WHAT YOU WILL DO:
Quote the entries below from the line with "Салфетки хозяйственные Luscan" through the line with "Sélection d'offres bowling", both ends included, and only those lines.

DATA FOR THIS EXERCISE:
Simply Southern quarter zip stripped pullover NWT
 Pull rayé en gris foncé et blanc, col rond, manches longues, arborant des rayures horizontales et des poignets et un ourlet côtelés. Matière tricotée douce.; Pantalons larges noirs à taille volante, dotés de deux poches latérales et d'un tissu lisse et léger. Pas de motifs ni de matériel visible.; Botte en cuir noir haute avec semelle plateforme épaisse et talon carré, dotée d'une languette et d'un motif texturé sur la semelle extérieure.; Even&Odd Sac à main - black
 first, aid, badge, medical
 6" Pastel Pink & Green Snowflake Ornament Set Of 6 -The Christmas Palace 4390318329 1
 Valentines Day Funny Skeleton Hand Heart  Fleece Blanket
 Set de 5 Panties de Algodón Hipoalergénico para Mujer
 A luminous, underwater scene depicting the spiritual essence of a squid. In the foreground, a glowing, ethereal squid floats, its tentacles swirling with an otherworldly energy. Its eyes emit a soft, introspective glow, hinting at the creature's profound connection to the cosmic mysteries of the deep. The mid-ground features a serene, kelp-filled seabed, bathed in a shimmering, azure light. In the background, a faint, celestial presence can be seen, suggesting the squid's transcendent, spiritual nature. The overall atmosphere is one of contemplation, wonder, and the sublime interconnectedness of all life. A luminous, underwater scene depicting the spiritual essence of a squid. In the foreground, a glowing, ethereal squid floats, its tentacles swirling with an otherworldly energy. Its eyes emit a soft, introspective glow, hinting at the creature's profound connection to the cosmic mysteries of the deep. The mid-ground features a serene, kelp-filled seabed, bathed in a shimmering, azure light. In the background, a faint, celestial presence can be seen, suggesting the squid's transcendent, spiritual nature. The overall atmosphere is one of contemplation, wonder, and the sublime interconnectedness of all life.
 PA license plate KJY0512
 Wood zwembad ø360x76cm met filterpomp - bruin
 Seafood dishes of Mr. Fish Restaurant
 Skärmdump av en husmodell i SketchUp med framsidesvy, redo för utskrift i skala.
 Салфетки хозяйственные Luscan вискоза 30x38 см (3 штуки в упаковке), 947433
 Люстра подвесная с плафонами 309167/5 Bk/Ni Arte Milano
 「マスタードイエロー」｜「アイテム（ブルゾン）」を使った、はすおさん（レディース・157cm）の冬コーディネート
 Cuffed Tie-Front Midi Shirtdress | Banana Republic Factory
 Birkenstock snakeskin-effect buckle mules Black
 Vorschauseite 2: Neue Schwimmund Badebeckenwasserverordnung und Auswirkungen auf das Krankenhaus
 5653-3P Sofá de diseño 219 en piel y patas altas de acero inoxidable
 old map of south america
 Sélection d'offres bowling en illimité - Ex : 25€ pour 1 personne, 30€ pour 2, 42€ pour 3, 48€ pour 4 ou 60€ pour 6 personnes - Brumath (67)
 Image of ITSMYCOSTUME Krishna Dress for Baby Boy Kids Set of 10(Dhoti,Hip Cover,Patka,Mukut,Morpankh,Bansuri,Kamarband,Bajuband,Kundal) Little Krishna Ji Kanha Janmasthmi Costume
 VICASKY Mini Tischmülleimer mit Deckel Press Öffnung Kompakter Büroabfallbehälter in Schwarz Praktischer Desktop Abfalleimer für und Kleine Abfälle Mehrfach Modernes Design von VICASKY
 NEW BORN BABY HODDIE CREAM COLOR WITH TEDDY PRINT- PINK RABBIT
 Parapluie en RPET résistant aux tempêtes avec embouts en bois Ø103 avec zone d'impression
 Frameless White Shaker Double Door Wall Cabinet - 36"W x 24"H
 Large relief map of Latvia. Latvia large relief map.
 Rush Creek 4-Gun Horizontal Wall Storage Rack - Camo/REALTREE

ANSWER SECTION:
 Салфетки хозяйственные Luscan вискоза 30x38 см (3 штуки в упаковке), 947433
 Люстра подвесная с плафонами 309167/5 Bk/Ni Arte Milano
 「マスタードイエロー」｜「アイテム（ブルゾン）」を使った、はすおさん（レディース・157cm）の冬コーディネート
 Cuffed Tie-Front Midi Shirtdress | Banana Republic Factory
 Birkenstock snakeskin-effect buckle mules Black
 Vorschauseite 2: Neue Schwimmund Badebeckenwasserverordnung und Auswirkungen auf das Krankenhaus
 5653-3P Sofá de diseño 219 en piel y patas altas de acero inoxidable
 old map of south america
 Sélection d'offres bowling en illimité - Ex : 25€ pour 1 personne, 30€ pour 2, 42€ pour 3, 48€ pour 4 ou 60€ pour 6 personnes - Brumath (67)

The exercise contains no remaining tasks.